* [Action item]: All records below must be reproduced exactly, although any pictures they contain are to be omitted.

* [Image-text web data]:

-.-.-

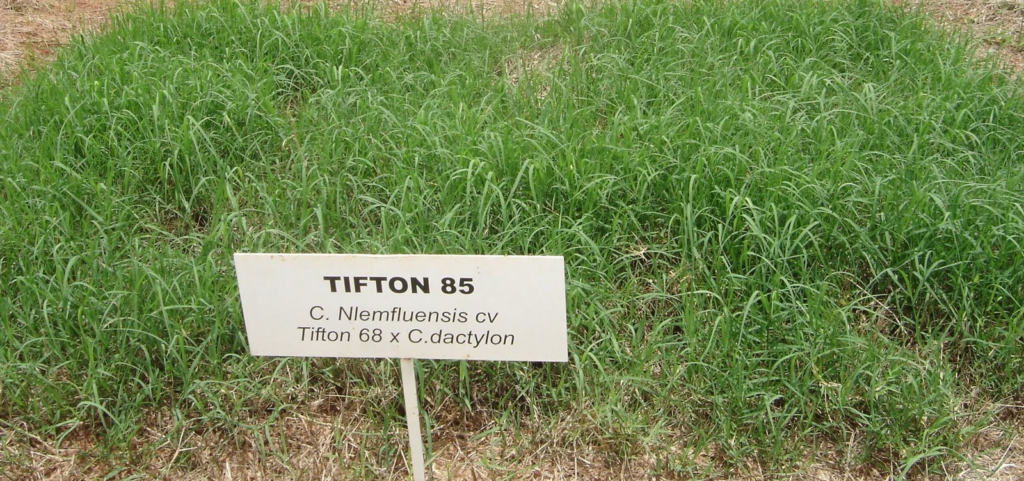 Capim Tifton 85 e suas variedades progenitoras
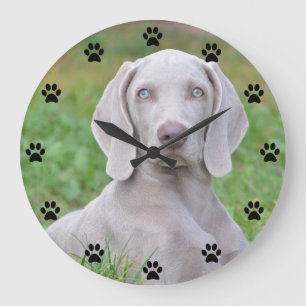 Personalized Weimaraner Puppy Dog Paw Print Time Large Clock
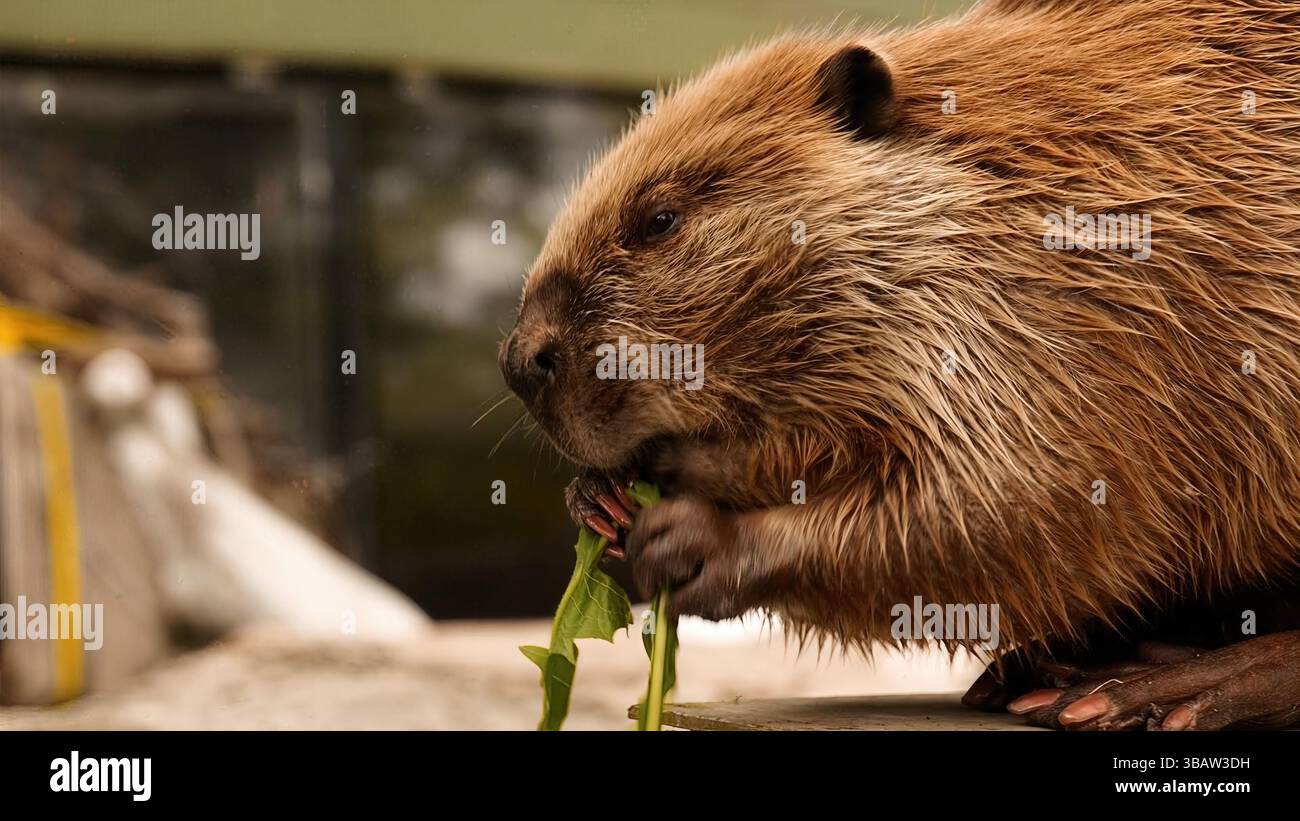 Il castoro nordamericano (Castor canadensis) mangia il gambo verde nel primo piano della vista laterale, mostrando pellicce e whisker dettaglio, California, USA, aprile 2025 Foto Stock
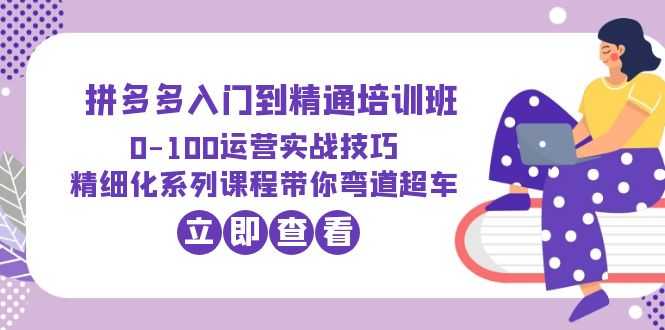 2023拼多多入门到精通培训班：0-100运营实战技巧 精细化系列课带你弯道超车-资源基地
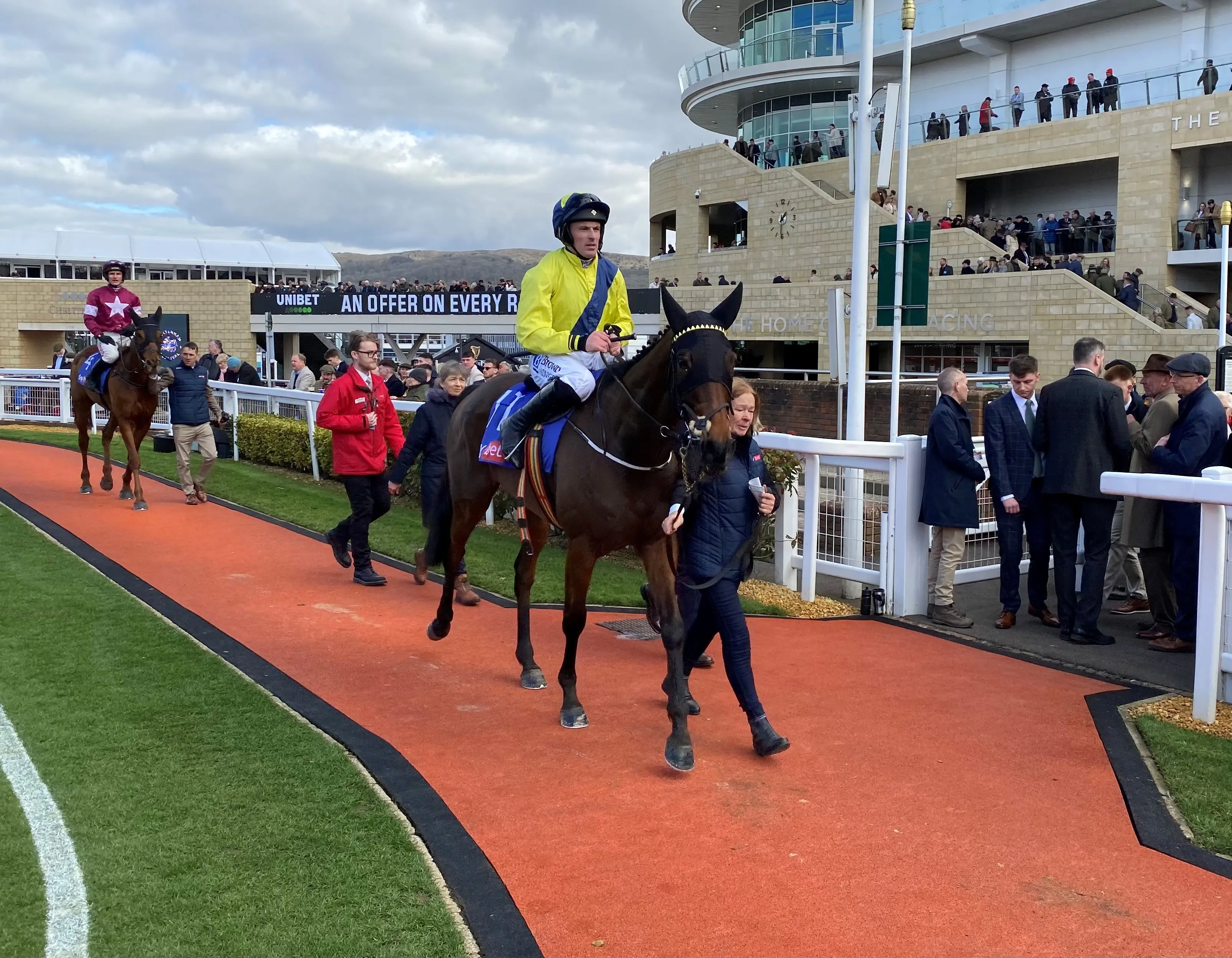 William Munny will now be saved for novice chasing next term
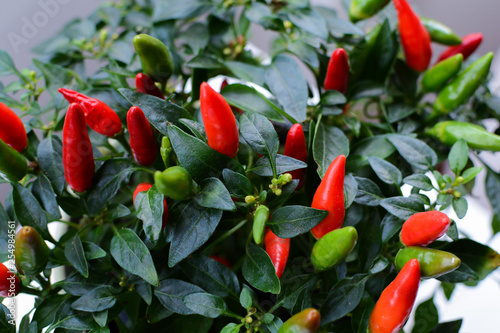 Red and green chilli peppers growing on a small plant © tommoh29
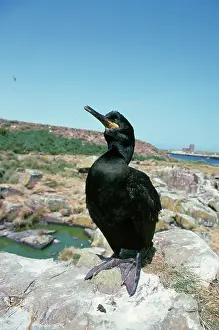 Aristotelis: SHAG - ON ROCK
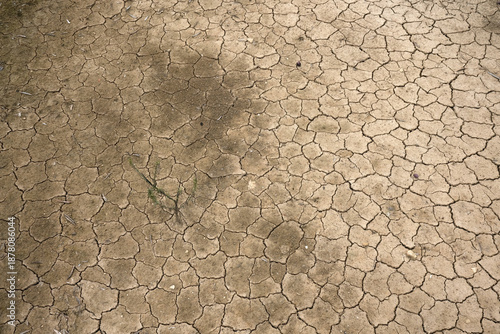 Fotografie Dry, cracked earth texture representing drought, water shortage, and desertifica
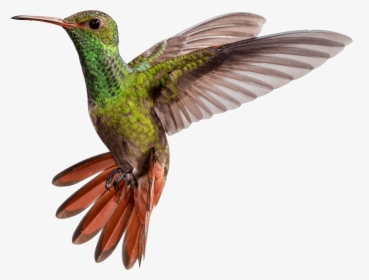Hummingbird Png - Colour Bird Fly Png, Transparent Png, Free Download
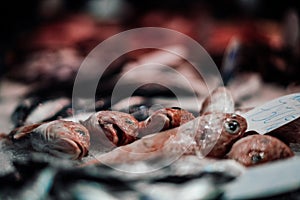 Raw fish in the ice on the stall of street market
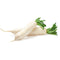 Radish - White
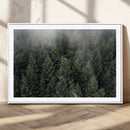 Dense Evergreen Forest Misty Morning Fog Pine Trees Woodland by MyGreatCanvas | Canvas Wall Art Prints | Photo Prints & Wall Decor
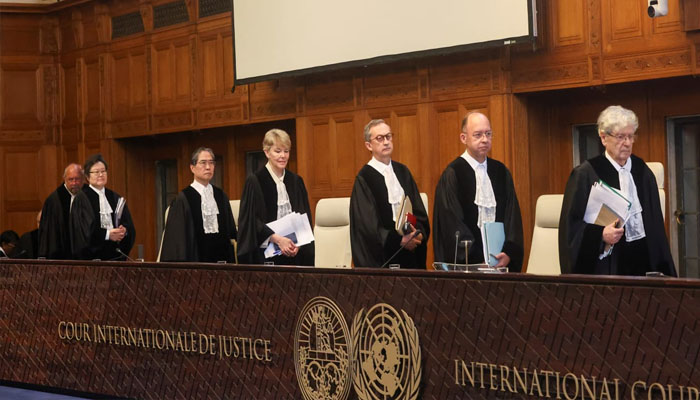 Belgium formally supports South Africa in the International Court of Justice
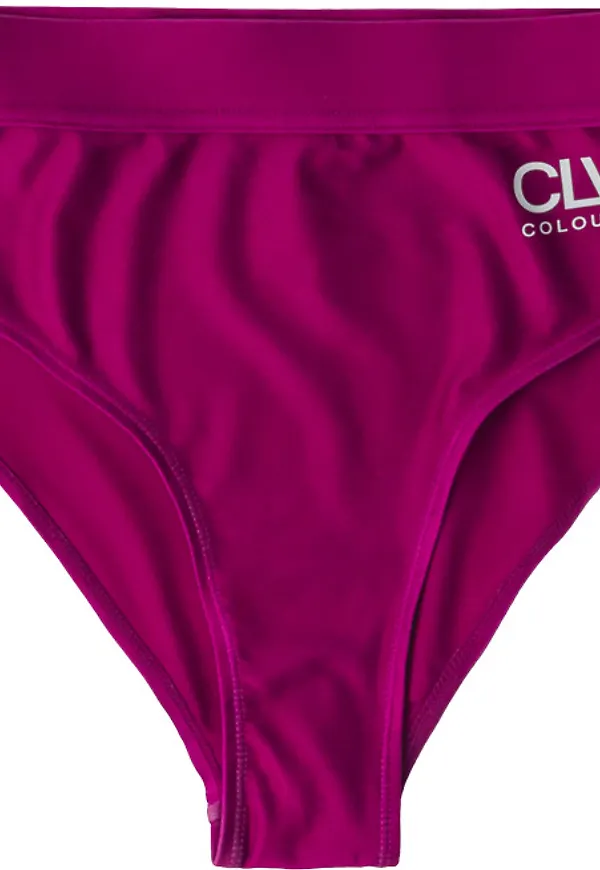 ColourWear Women's High Waist Bikini Bottom Purple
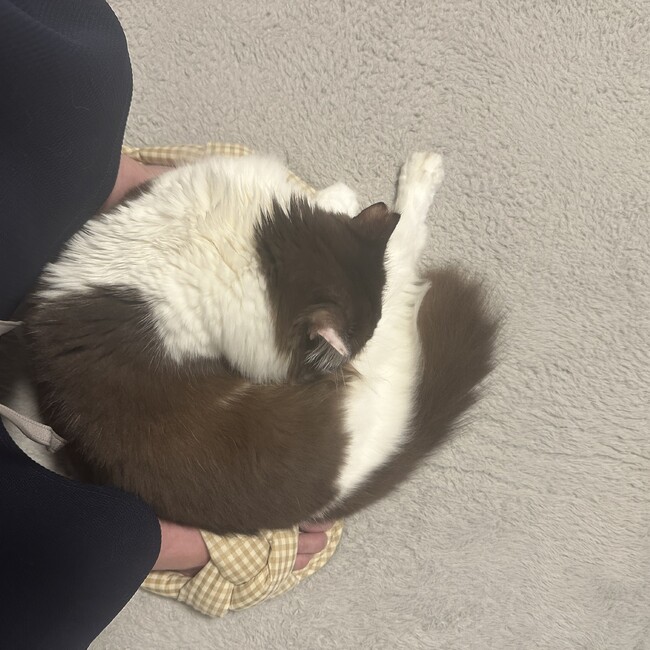 みみみちにのカバー写真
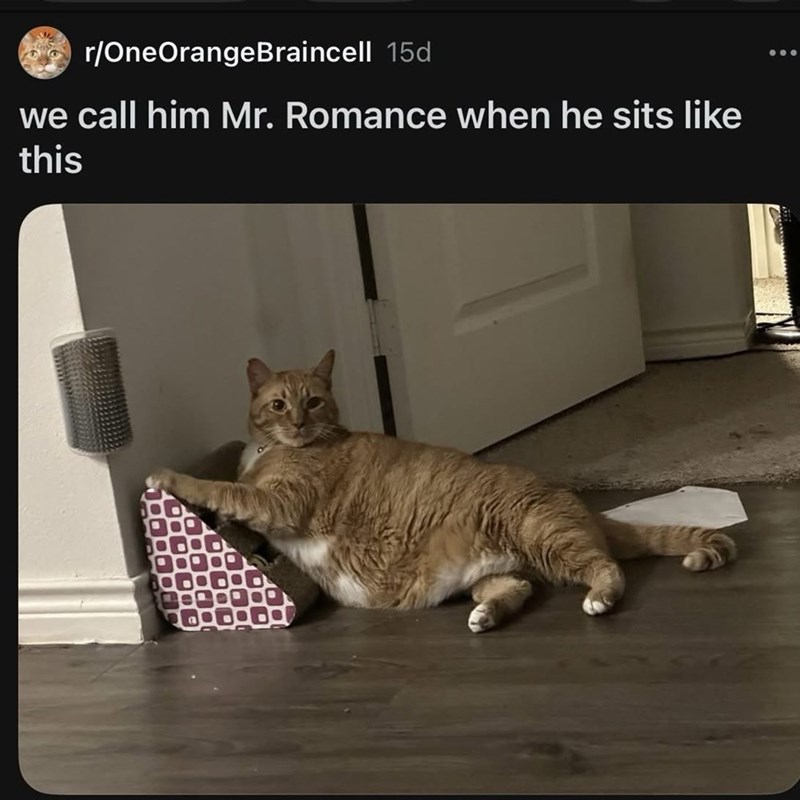 r/OneOrangeBraincell 15d we call him Mr. Romance when he sits like this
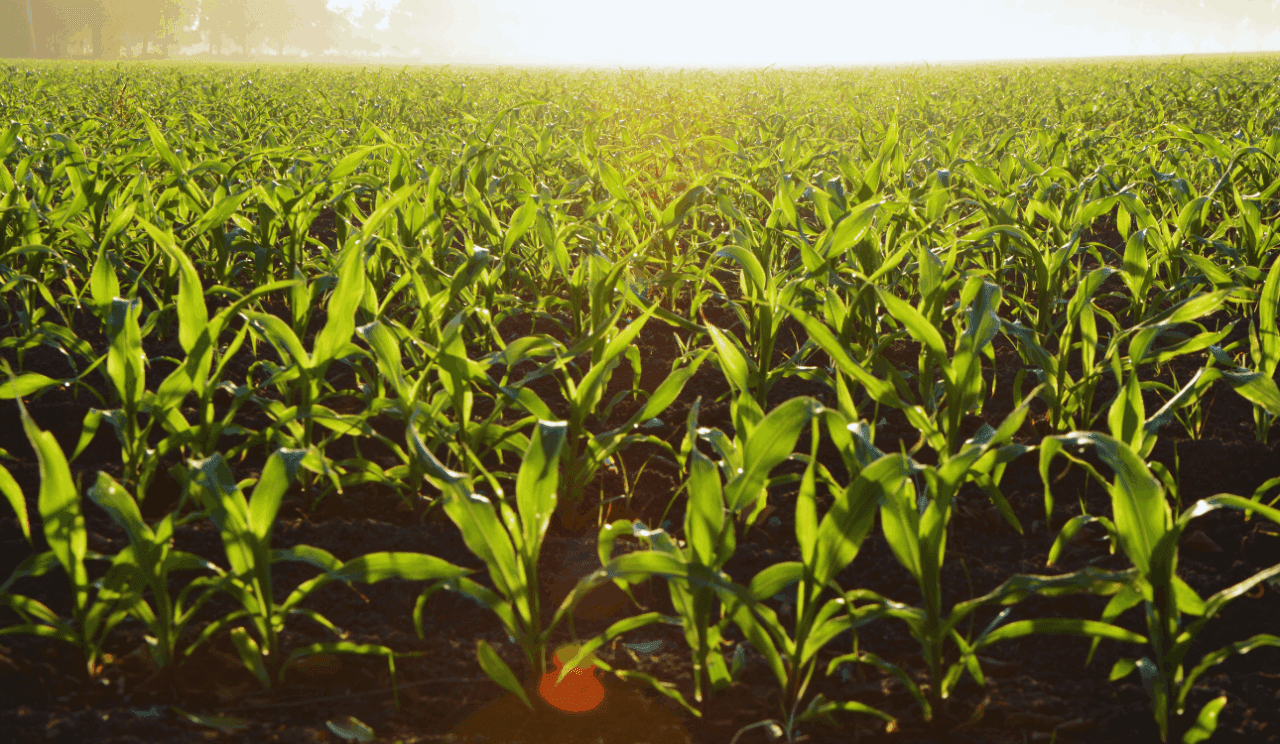 corn-1280x744.png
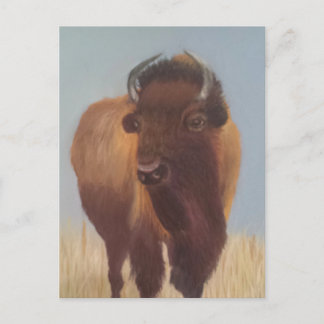 Postal Bison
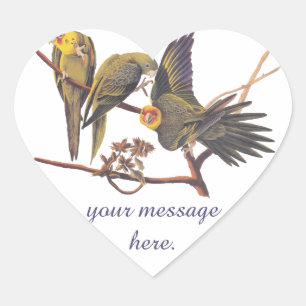 Audubon Carolina Parakeet Trio Heart Sticker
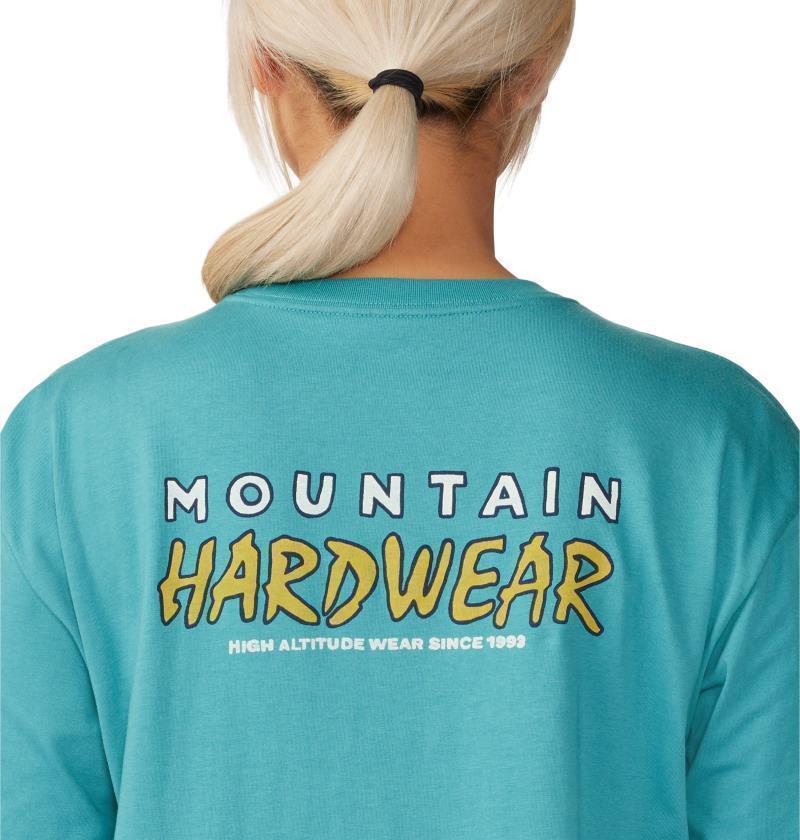 Logo Landscape Boxy LS - Womens - Palisades 6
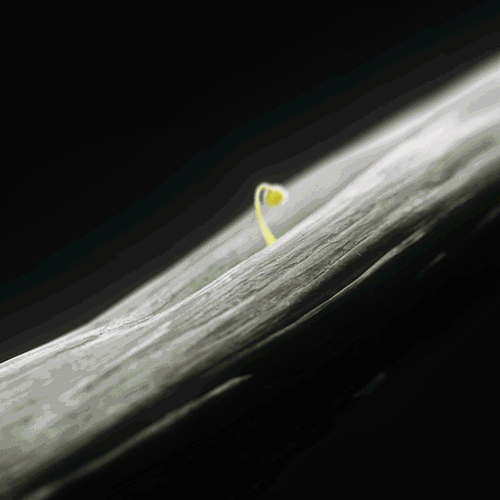 Umbrella Collective 20 Years Anniversary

-.-.-

* [Task output]:
 Capim Tifton 85 e suas variedades progenitoras
 Personalized Weimaraner Puppy Dog Paw Print Time Large Clock
 Il castoro nordamericano (Castor canadensis) mangia il gambo verde nel primo piano della vista laterale, mostrando pellicce e whisker dettaglio, California, USA, aprile 2025 Foto Stock
 2023拼多多入门到精通培训班：0-100运营实战技巧 精细化系列课带你弯道超车-资源基地
 William Munny will now be saved for novice chasing next term
 Red and green chilli peppers growing on a small plant © tommoh29
 Aristotelis: SHAG - ON ROCK
 Fotografie Dry, cracked earth texture representing drought, water shortage, and desertifica
Hummingbird Png - Colour Bird Fly Png, Transparent Png, Free Download
 Raw fish in the ice on the stall of street market
 Radish - White
 Dense Evergreen Forest Misty Morning Fog Pine Trees Woodland by MyGreatCanvas | Canvas Wall Art Prints | Photo Prints & Wall Decor
 Belgium formally supports South Africa in the International Court of Justice
 ColourWear Women's High Waist Bikini Bottom Purple
 みみみちにのカバー写真
 r/OneOrangeBraincell 15d we call him Mr. Romance when he sits like this
 corn-1280x744.png
 Postal Bison
 Audubon Carolina Parakeet Trio Heart Sticker
 Logo Landscape Boxy LS - Womens - Palisades 6
 Umbrella Collective 20 Years Anniversary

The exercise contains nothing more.